### [REQUIRED ACTION]
Pictures excluded, return every entry exactly, please.

Saved data entries:
● ● ●
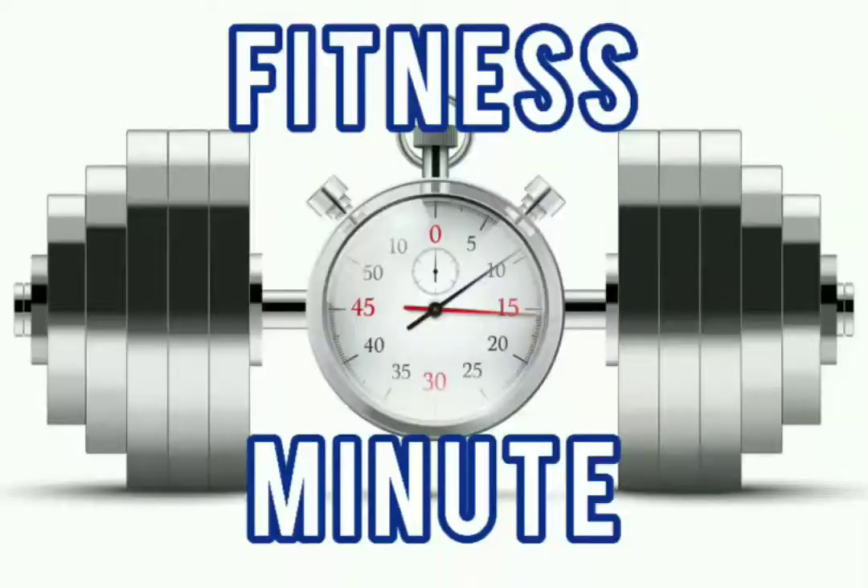Hey, what's up everybody? I have a quick fitness tip that you can do if you're experiencing shoulder pain when you're doing pressing exercises. It's the Fitness Minute with Andy.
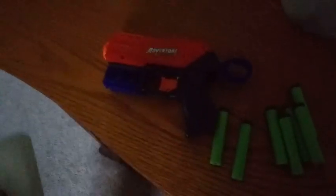Okay everybody, here it is outside of its package. This is the size of the gun and we come with eight darts here. We're going to load it up and see how far it shoots.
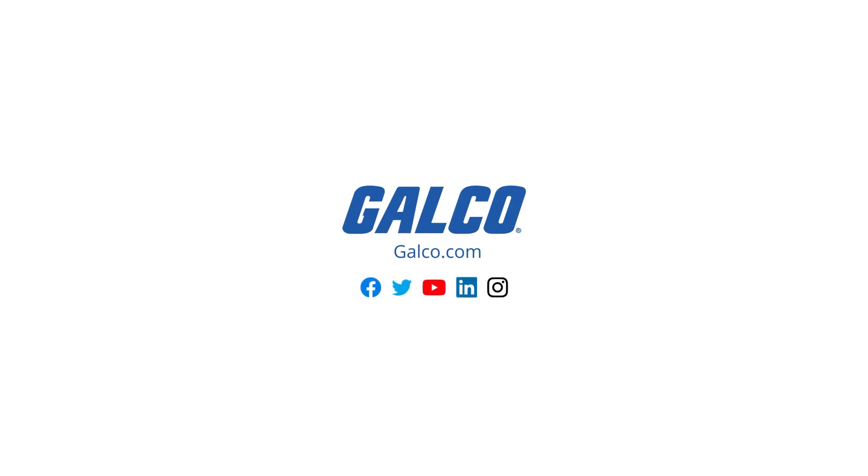To learn more about the FLIR E4 and other FLIR devices, visit galco.com. Thank you.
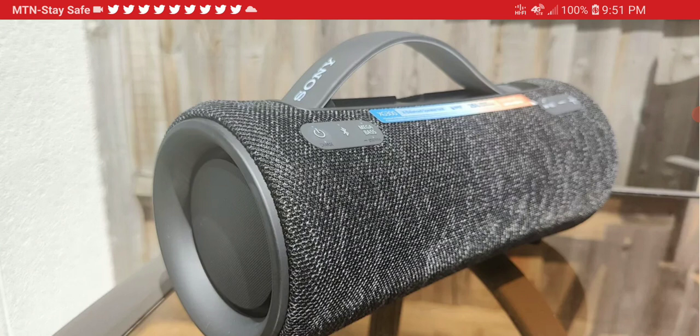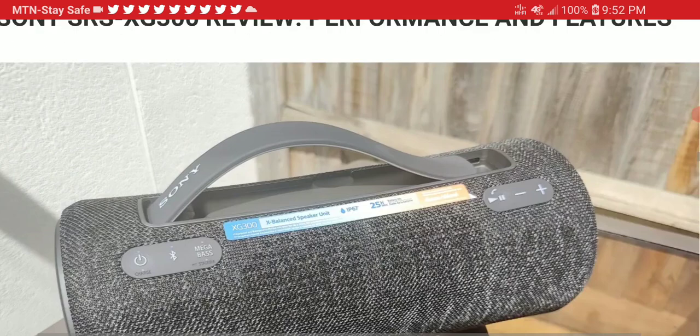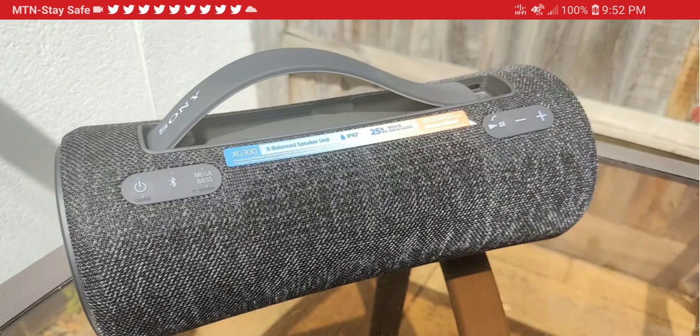Both still have the same IP67 rating, so they are fully waterproof and dust proof. They are also shockproof, providing very good protection for your travels. All three X series speakers come with Sony's proprietary X Balance speaker units, and they play very loud, delivering incredible output for their size.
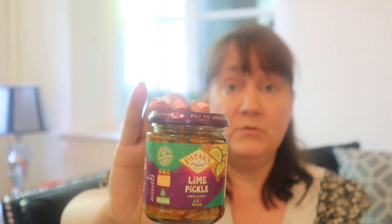Next is the Patak's lime pickle. I think I got it in Asda, and it's very clearly marked vegan. It's lime pickle — tangy and zesty, medium spice. I'd never really had lime pickle before, but when I make a curry it's really nice to have that different flavour on the side. It's also nice on poppadoms. I'd imagine it was about £1 something.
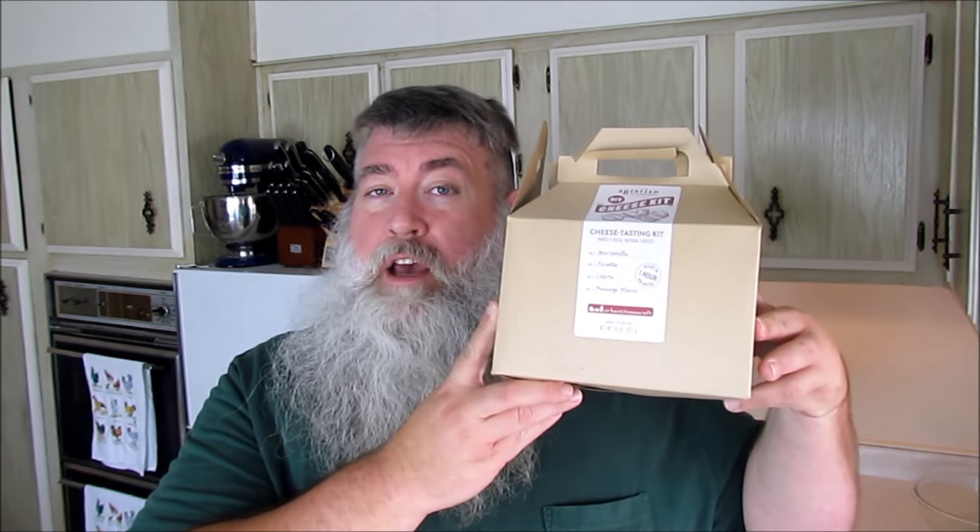It makes mozzarella, ricotta, chevre, and fromage blanc. This kit is supposed to make 20 batches of cheese. Today we're going to be doing mozzarella. You guys are going to find out how easy it is to make this cheese at home. You don't need the kit — you just need a couple of things like citric acid, salt, some rennet, and of course milk.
● ● ●
### [EXERCISE SOLUTION]
Hey, what's up everybody? I have a quick fitness tip that you can do if you're experiencing shoulder pain when you're doing pressing exercises. It's the Fitness Minute with Andy.
Okay everybody, here it is outside of its package. This is the size of the gun and we come with eight darts here. We're going to load it up and see how far it shoots.
To learn more about the FLIR E4 and other FLIR devices, visit galco.com. Thank you.
Both still have the same IP67 rating, so they are fully waterproof and dust proof. They are also shockproof, providing very good protection for your travels. All three X series speakers come with Sony's proprietary X Balance speaker units, and they play very loud, delivering incredible output for their size.
Next is the Patak's lime pickle. I think I got it in Asda, and it's very clearly marked vegan. It's lime pickle — tangy and zesty, medium spice. I'd never really had lime pickle before, but when I make a curry it's really nice to have that different flavour on the side. It's also nice on poppadoms. I'd imagine it was about £1 something.
It makes mozzarella, ricotta, chevre, and fromage blanc. This kit is supposed to make 20 batches of cheese. Today we're going to be doing mozzarella. You guys are going to find out how easy it is to make this cheese at home. You don't need the kit — you just need a couple of things like citric acid, salt, some rennet, and of course milk.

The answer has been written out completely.